My Greek Father-In-Law Made Spanakopita Without Warning, Then Got Furious When I Couldn’t Eat It
Most people understand that being a guest in someone’s home means graciously accepting what’s offered. It’s a basic expression of appreciation and respect for your host’s hospitality. Yet, one young woman recently turned to the internet to recount an experience that shows this long-standing social norm isn’t always black and white, particularly when a host won’t accept a polite decline.
Her account serves as a powerful reminder that sometimes, beneath a seemingly simple “no thank you,” lies a deeply personal and complex struggle that calls for empathy rather than anger.
The Incident
A 26-year-old woman, married just over a year, described an intensely awkward situation involving her estranged father-in-law. Her husband, Nikolas, has a difficult relationship with his Greek father, who had traveled from overseas to visit. The couple had been invited over for “a few drinks and a chat,” with absolutely no indication that food would be involved.
Upon arriving, though, they discovered that the father-in-law had made a homemade spanakopita — a classic Greek pie filled with spinach and feta. For this young woman, the surprise was a source of instant dread. As she put it, “I have a history of anorexia, and eating in front of people that I don’t really know is still an issue for me, and anything with pastry is something that I tend to avoid even now.”
She graciously turned down the dish. Her husband, picking up on her unease, jumped in right away and explained to his father that they had already eaten. But that’s the moment a casual visit spiraled into an argument. The father-in-law didn’t merely show disappointment — he became visibly furious.

He “got very up in arms about how he’d gone to the effort of making the food,” declaring it “shouldn’t be such an issue” for them to simply have a bite. The young woman was mortified as he charged them with being disrespectful. The night concluded with the couple offering apologies and heading out while the father stewed in anger, transforming what should have been a hospitable gesture into a moment of conflict and humiliation.
The Internet Reacts
The online world lit up with takes almost immediately, and commenters rapidly divided into distinct factions over who bore the real responsibility.
The “Absolutely Not” Crowd was outraged on the woman’s behalf. Their view was clear: a host’s foremost duty is to ensure guests feel at ease, not to coerce them into eating. Numerous people highlighted the staggering lack of sensitivity in the father-in-law’s reaction. One perceptive commenter drew attention to how people respond differently depending on the reason someone refuses food: “While most people will be generally understanding about ‘I can’t eat shrimp, I’ll die’, they usually take badly to ‘I have an eating disorder’. Especially with anorexia, people tend to be extra pushy because ‘you need to eat’.”
Someone else proposed a thoughtful phrase for navigating similar situations down the road: “I wish I could eat the food, but I have a medical issue that doesn’t allow me to. It’s something I don’t care to discuss.” In their eyes, this offered a respectful way to establish a boundary without revealing more than necessary.
Next came the “Devil’s Advocate” camp, which attempted to see things from the father-in-law’s point of view, even while not excusing his explosive reaction. These commenters zeroed in on the cultural dimension of the encounter. One person elaborated, “This is a cultural thing with Greeks, food is how we show our love, so this would be considered very rude, especially without a reason.”
Someone else reinforced this sentiment, writing, “In Mediterranean culture, Food is a love language and you showed your FIL disrespect by refusing the food.” From their perspective, the father-in-law wasn’t simply upset over uneaten pastry — he felt as though his affection had been thrown back in his face.
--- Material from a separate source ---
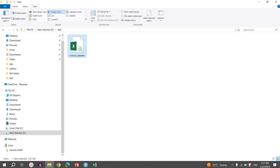We have a clinical data set in the form of a CSV format. The CSV stands for comma separated values. In this format, the values that are present are separated by commas. You can open CSV files in Excel as well.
Lastly, the “Alternative Solutions” crowd weighed in with strategies they would have employed. These practically minded commenters believed the whole ordeal was avoidable with a harmless fib or a different approach. “You could have said you had a stomach bug, or that you’re on a restricted diet for medical reasons,” one reader proposed.
Yet another offered a creative workaround: “I’m really full but I would love to try it! Could I take some home for later?” A number of people also noted that the husband could have defused the tension by simply eating a piece himself as a gesture of respect toward his father’s efforts — a point that’s difficult to dispute.
The Etiquette Verdict
Let’s make one thing absolutely clear: although cultural food traditions are meaningful and worthy of respect, they never justify pressuring a guest. A host’s love and labor aren’t gauged by how much a visitor eats, but by the sense of warmth and safety they create.
The instant a guest politely declines, that should be the end of it. To push, shame, or label them as disrespectful is a serious breach of etiquette. The fundamental principle of hosting is making your guests feel welcomed and comfortable. This father-in-law, unfortunately, did precisely the opposite — putting his own wounded feelings above his daughter-in-law’s well-being.

What Do You Think?
This scenario undeniably sits at the intersection of cultural expectations, family tension, and personal battles. But from a purely etiquette standpoint, where do you fall?
Was the father-in-law’s outburst a forgivable cultural misunderstanding, or did his behavior cross a clear line?